Los primeros tiempos en San Luis no fueron fáciles y sufrieron un par de tropiezos, pero Elba y Eduardo, fuertes y responsables de sus labores y del trabajo que ya habían emprendido, no estaban dispuestos a dejar la tarea a medio hacer. “En un momento, cuando ya había nacido mi primer hijo, quisieron trasladar a mi marido a San Luis y a mí mandarme a un paraje inhóspito.

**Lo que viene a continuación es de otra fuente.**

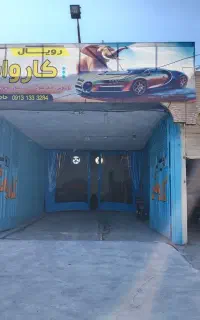 استخدام نیروی کار ماهر جهت کار در کارواش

Finalmente, en parte por problemas familiares, terminamos con seis años de investigación en los cuales, entre otros beneficios, tuvimos la oportunidad de probar más 30 especies de hortalizas”, contó la ingeniera, quien agregó que en esos años daban clases en la agrotécnica de Quines como parte del contrato que habían firmado para venirse de su ciudad natal. "Pasábamos mucho tiempo con nuestros alumnos, viendo la reacción de los cultivos que allí habíamos implantado", cuentan muy orgullosos de la experiencia práctica que pudieron darles a sus alumnos en aquellos años. 

 


Una vez que se mudaron a la ciudad, Elba decidió abocarse más a la docencia y rindió un concurso en la Universidad Nacional de San Luis para la cátedra de Fitopatología. Cuando la revista El Campo llegó a su casa se presentó por su nombre y a continuación se definió: “A mí me gusta aprender y enseñar, sobre todo a mis seres queridos, pero no de la manera tradicional sino a través del juego. Recorrer el patio e ir contando sobre lo que vamos viendo y así se genera una interacción en la que yo enseño y, en el caso de mis nietas, me dan una nueva visión de cosas que hace años veo y que vuelvo a descubrir”, afirmó, y agregó que esas mismas inquietudes la llevaron a estudiar una carrera poco común para las mujeres de esa época. “Crecí con huertas en mi casa. Primero mi abuelo, luego mi papá como una forma de tradición hizo lo mismo y nos transmitió a nosotros, sus hijos, el amor por la tierra y por la naturaleza”, contó con nostalgia, aunque ahora, por sus años, prefiere pasar más tiempo en centros urbanos para sentirse más protegida.

 


Eduardo ya pasó la barrera de los 70, sin embargo sigue en contacto con las producciones, en este caso, con las que son de origen orgánico. Sus tres hijos colaboran con ellos y escuchan atentamente sus anécdotas, que de alguna manera completan su propia historia. “Cuando salimos de la universidad no se podía concebir la agricultura sin el uso de químicos. Con el paso de los años aprendimos que se podían usar otros elementos para combatir plagas y malezas. Eso nos llevó a escribir un nuevo libro en el cual reunimos consejos útiles para hacer cultivos más amigables con el medio ambiente. Ahora, y a pesar de que la parte pesada se la encomiendo a mis hijos, tengo una pequeña huerta en la que pongo en práctica todos mis conocimientos”, contó Eduardo, quien además tiene un campito en El Volcán donde plantó frutales con el fin de hacer dulces caseros y no abandonar nunca la pasión que además lo llevó a encontrar el amor de su compañera.